Under the Plan, the only economic incentive to keep the PSTN alive will disappear on July 1, 2017.  On that date, the Plan--and the Prophecy--require that Price Cap LECs shall be required to make money just like any other business: by efficiently selling services to customers who voluntarily decide to purchase these services.  

This Plan, if adopted by the Commission, will serve to streamline intercarrier compensation, while more efficiently promoting the goal of universal access to broadband, as well as voice, services.  At first, all of this will sound kind of scary to many of you.  

Therefore, let me assure some of you that arbitrage will still be around for 6 more years, and the Plan only requires the end of subsidies as they currently exist.  The Plan is by no means a "Doomsday Prophecy", but merely a gateway to the implementation of simpler, more efficient, and more transparent, subsidy recovery mechanisms.  

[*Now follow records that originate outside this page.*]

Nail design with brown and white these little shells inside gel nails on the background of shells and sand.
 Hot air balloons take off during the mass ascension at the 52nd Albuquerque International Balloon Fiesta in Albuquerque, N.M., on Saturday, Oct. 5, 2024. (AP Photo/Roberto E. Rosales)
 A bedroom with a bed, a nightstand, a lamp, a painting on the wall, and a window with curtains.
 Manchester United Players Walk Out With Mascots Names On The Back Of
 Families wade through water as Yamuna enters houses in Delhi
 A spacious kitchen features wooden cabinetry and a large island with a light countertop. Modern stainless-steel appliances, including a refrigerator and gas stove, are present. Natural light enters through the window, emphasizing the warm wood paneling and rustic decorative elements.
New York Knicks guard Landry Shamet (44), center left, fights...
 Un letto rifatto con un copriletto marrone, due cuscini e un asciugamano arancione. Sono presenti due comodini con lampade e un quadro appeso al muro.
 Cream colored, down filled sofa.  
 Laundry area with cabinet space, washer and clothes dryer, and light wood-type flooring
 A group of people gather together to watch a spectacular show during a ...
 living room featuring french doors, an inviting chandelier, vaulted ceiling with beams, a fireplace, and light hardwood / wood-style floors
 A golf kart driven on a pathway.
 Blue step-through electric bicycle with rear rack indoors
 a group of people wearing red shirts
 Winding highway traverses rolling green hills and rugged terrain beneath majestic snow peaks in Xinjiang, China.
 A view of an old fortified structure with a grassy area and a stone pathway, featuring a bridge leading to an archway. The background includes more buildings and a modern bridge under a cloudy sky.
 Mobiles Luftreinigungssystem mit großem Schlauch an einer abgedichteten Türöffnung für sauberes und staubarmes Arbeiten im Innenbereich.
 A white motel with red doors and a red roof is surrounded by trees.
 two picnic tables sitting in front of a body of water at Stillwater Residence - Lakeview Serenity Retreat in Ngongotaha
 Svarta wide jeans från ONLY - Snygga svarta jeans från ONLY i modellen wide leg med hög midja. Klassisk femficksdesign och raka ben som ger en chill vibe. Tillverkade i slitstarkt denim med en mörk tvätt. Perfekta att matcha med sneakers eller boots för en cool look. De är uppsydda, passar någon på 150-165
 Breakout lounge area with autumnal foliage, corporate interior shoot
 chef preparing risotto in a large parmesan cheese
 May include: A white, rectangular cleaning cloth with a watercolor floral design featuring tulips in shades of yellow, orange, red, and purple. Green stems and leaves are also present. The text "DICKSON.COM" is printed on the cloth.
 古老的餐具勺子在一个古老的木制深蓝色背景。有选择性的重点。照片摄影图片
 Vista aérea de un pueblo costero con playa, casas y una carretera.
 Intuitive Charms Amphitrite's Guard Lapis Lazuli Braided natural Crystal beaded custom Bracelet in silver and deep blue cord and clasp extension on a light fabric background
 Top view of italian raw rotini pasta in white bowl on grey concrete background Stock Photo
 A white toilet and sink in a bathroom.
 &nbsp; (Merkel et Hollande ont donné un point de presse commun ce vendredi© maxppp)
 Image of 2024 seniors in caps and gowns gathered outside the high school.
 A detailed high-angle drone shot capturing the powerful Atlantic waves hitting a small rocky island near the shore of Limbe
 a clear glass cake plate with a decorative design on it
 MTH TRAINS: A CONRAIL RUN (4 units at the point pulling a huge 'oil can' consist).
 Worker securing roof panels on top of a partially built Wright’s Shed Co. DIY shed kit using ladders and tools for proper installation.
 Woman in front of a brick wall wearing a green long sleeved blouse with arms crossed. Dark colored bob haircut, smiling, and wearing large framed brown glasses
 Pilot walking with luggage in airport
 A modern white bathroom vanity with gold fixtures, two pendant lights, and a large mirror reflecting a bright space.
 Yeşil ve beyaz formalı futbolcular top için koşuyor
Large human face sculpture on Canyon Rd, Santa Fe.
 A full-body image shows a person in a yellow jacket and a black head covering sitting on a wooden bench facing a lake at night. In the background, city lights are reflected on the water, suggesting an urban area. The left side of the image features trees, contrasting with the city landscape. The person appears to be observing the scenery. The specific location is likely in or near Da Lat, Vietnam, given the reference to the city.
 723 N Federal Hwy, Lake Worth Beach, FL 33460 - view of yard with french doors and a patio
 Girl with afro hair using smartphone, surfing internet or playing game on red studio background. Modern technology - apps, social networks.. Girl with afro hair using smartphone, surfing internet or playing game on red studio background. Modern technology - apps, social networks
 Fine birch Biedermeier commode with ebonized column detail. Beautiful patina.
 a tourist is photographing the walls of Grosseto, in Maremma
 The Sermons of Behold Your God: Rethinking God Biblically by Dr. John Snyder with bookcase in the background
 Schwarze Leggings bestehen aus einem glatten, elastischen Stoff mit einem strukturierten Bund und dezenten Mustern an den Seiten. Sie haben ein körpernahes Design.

Let's look at how the Plan would affect two large, PSTN-dependent industries, if adopted today:

VoIP Providers:

    1) Positive:  allows for recovery of all VoIP-originated or terminated "toll" calls at interstate access rates for the next two years!  That's a crazy incentive to upgrade to more efficient technology ASAP.  As a LEC, you don't have to maintain "big iron" to get big bucks.  There will also be a strong short term benefit to interconnected VoIP providers.  No more haggling with big LECs who only want to pay you $.0007/min, and there's a big difference between $.05 and $.0007.  For the next 6 years--albeit at descending rates--carriers serving end-users of VoIP service will be able to collect larger revenue streams than they are generally being paid today.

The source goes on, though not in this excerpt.